La médecine de famille en pleine mutation?
Les médecins de famille ont eu aussi quelques surprises avec les PREM annoncés. «Sur
toute l’île de Montréal, les besoins sont dans la prise en charge, un peu dans
l’hébergement et le soutien à domicile, et c’est donc seulement là que sont les postes»,
souligne la Dre Diane Poirier, directrice des Services professionnels et des Affaires
médicales du CIUSSS Montréal-Est. Une situation qui pourrait générer certaines
frustrations chez les étudiants. Ceux qu’elle a rencontrés lors de la journée avaient
néanmoins «aussi» un intérêt dans la prise en charge. Reste que ce n’est pas évident pour
eux de s’ajuster aux nouveaux cadres de gestion des GMF et des besoins des régions en
AMP.
La Dre Diane Poirier et le Dr Jean-Philippe Michel, R2 en médecine de famille
«Cela n’empêche pas les gens de faire autre chose en donnant, par exemple, un peu de
temps à l’hospitalisation, mais ils doivent faire de la prise en charge», explique-t-elle.

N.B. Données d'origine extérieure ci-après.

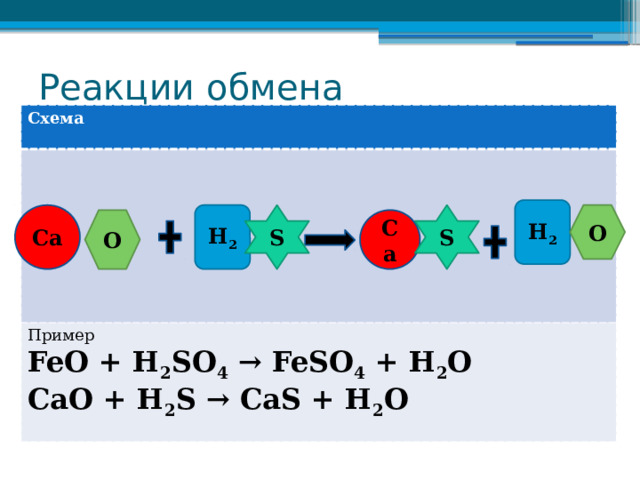 Реакции обмена Схема  Пример FeО + H 2 SO 4 → FeSO 4 + H 2 О СаО + H 2 S → СаS + H 2 О Н 2 S O S Н 2 Са O Са 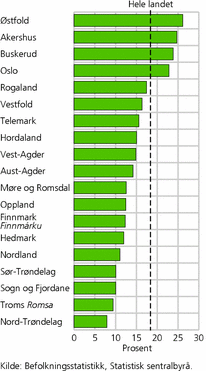 Figur 15. Innvandere og norskfødte med innvandrerforeldre som andel av innflyttere til fylkene. 2008. Prosent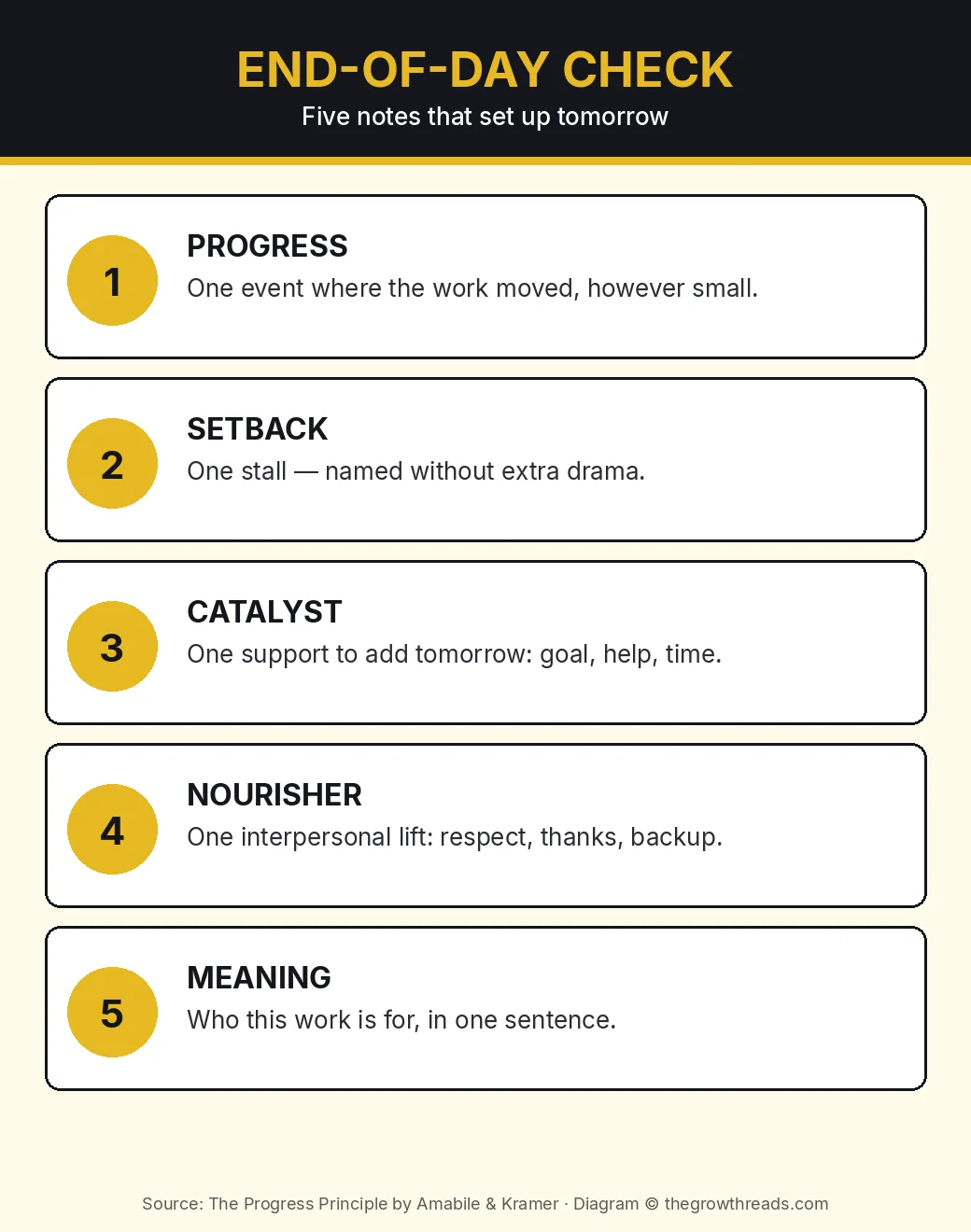 Infographic: five-line end-of-day progress check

Un profil de pratique qui convient à ce que cherche le Dr Jean-Philippe Michel: «Je veux
faire une pratique majoritairement de prise en charge avec du sans rendez-vous aux
heures défavorables et peut-être compléter avec de l’hospitalisation, donc une pratique
mixte», confie le futur médecin de famille. Ce qui ne l’empêche pas de trouver que tout le
processus est encore «un peu nébuleux», même s’il doit décider la semaine prochaine où il
proposera sa candidature. «Les cliniques ont de la place pour embaucher, mais les PREM
limitent nos possibilités d’appliquer, donc on risque de se retrouver à plusieurs candidats
sur un seul PREM», précise-t-il. Une situation qui entraîne de l’inquiétude chez la plupart
de ses collègues. Même chose chez les R1 en médecine de famille qui sont bien obligés de
constater que la flexibilité tant vantée de cette spécialité n’est plus vraie partout.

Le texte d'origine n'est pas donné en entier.